§ PROBLEM STATEMENT
Only the pictures are to be left out; return the rest of the data exactly as it stands.

§ SOURCE DATA
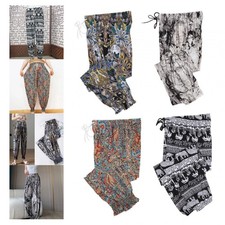 Women harem pants high - women's,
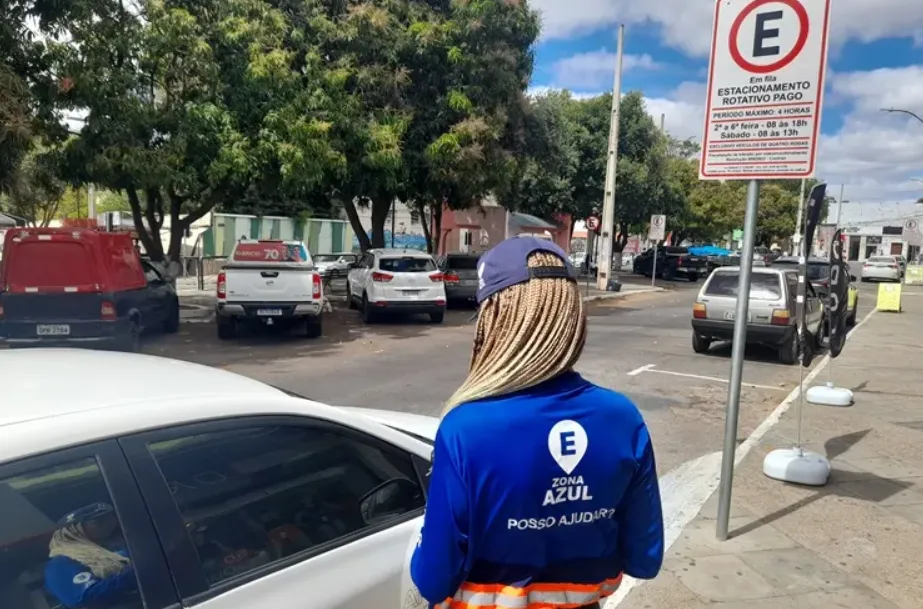 Prefeitura de Patos regulamenta Zona Azul e define tarifa inicial de R$ 2 por hora; confira os locais de implantação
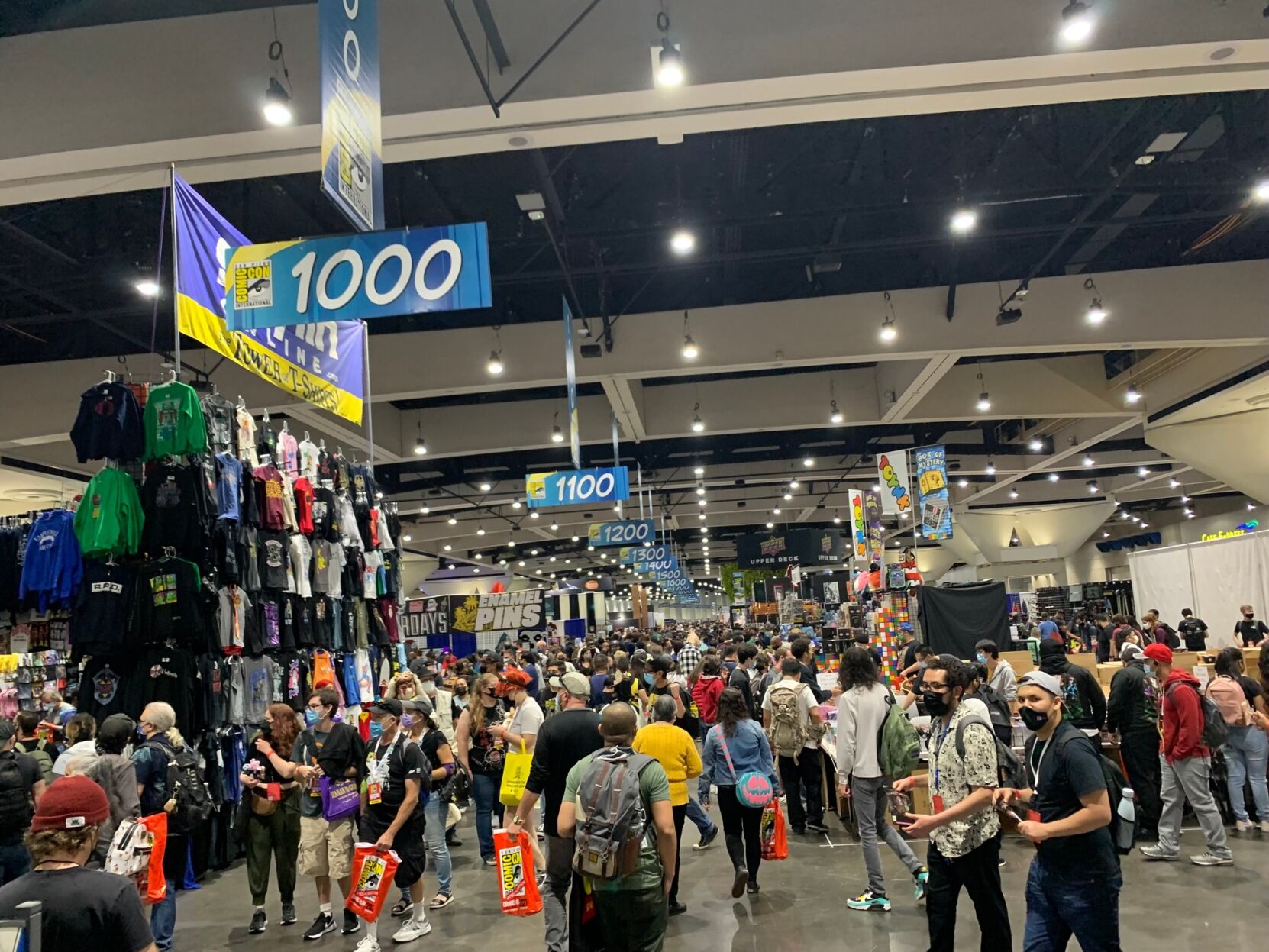 Comic-Con Halls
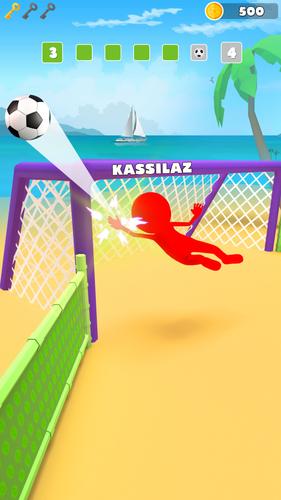 Wonder Goal: Fun Football Kick ภาพหน้าจอ 3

§ YOUR RESPONSE
 Women harem pants high - women's,
 Prefeitura de Patos regulamenta Zona Azul e define tarifa inicial de R$ 2 por hora; confira os locais de implantação
 Comic-Con Halls
 Wonder Goal: Fun Football Kick ภาพหน้าจอ 3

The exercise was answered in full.